From an OpenTelemetry collector

If your spans land in any OpenInference-emitting OTLP destination, the same pattern applies — implement a spans_provider that pulls them out as dicts. The adapter never assumes Phoenix-specific transport.

OpenInference attribute mapping

The adapter reads the standard OpenInference span attribute conventions:

OpenInference attribute

whatifd use

Sensitive[str]?

context.trace_id

Group spans into traces

no

parent_id (or its absence)

Identify root span per trace

no

openinference.span.kind

Classify span (LLM / tool / retriever / agent)

no

input.value

Trace input (user message)

yes

output.value

Trace output (agent response)

yes

any other attribute

Passed through to RawTrace.metadata

no

The Sensitive[str] wrapping is enforced at the adapter boundary; downstream code that needs the raw value must call .unwrap(reason=...) and the unwrap is audit-logged.

Selectors

The Phoenix adapter supports the same selector grammar as Langfuse for cohort filtering — see the Langfuse selector grammar. Selectors that depend on tracer-specific concepts (e.g., Langfuse-style score-based filters) are interpreted by the adapter against whatever attribute Phoenix exposes for the equivalent signal.

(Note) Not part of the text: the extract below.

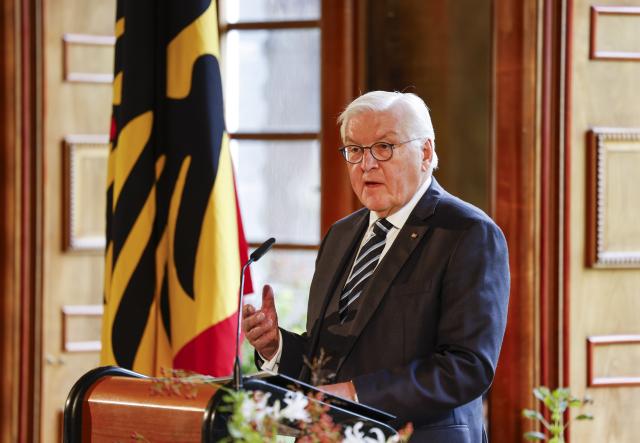 16 October 2025, Rhineland-Palatinate, Andernach: German President Frank-Walter Steinmeier speaks at the award ceremony for the Federal Cross of Merit on Ribbon to dedicated citizens from Rhineland-Palatinate in Namedy Castle. Photo: Thomas Banneyer/dpa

If a selector references a concept Phoenix doesn’t have a direct equivalent for, the adapter declares it unsupported at config-load time (cardinal #1: structural failure, not silent skip).

Tool-call cache

OpenInference tool spans surface as cache entries under whatifd’s default use-original policy. The cache key components are derived from the span’s openinference.span.kind == "tool" plus the span’s input.value hash. Tool-output retrieval reads output.value from the same span.

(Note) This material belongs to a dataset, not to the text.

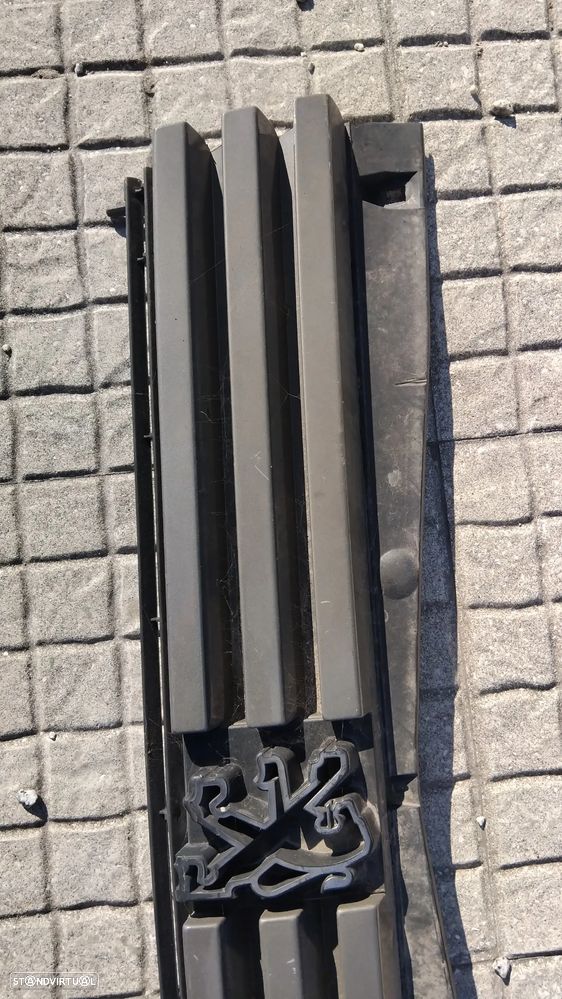 Grelha central Peugeot 205 original usada - 5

If a trace has incomplete tool spans (output missing, mismatched parent/child structure), whatifd records the trace as a structured replay failure (cardinal #1) in the report’s Replay validity section.

Scope of v0.2 support

Feature

v0.2

Notes

Read OpenInference spans from any provider

The spans_provider callable is the boundary.

Wrap user content as Sensitive[str]

Per cardinal #5.

Conformance with TraceSource Protocol

14 conformance tests (5 inherited from the harness + 9 adapter-specific).

Live-Phoenix recorded-cassette smoke

❌ (v0.3)

Parity with whatifd-langfuse’s cassette discipline. Today the adapter is verified against fixture spans only.

Phoenix-specific selector grammar

partial

Core selectors map cleanly; Phoenix-only signals (e.g., evaluation runs) are not yet first-class.

Multi-project Phoenix tenancy

The spans_provider is per-instance — point it at whichever project.

cluster_key for clustered-paired bootstrap (cardinal #10)

declared empty

cluster_key_support() returns (); v0.3’s cluster-paired bootstrap will widen this.

Limitations

  • The adapter doesn’t ship a Phoenix client wrapper. You supply the spans_provider. This is a deliberate design choice: pinning to a specific Phoenix SDK version would bind whatifd-phoenix to one transport, breaking neutrality. The trade-off is ~5 lines of wiring code at integration time.

  • OpenInference attribute conformance. If your spans are emitted by a non-standard tracer that almost follows OpenInference, attribute mapping may surface gaps. The adapter validates the attributes it reads at trace-build time; gaps appear as structured RawTrace build errors.

  • Live-Phoenix verification is not yet structurally pinned. v0.3 will land a pytest-recording-based cassette suite mirroring whatifd-langfuse’s discipline. Until then, validate your spans_provider against a fixture set before relying on it in CI.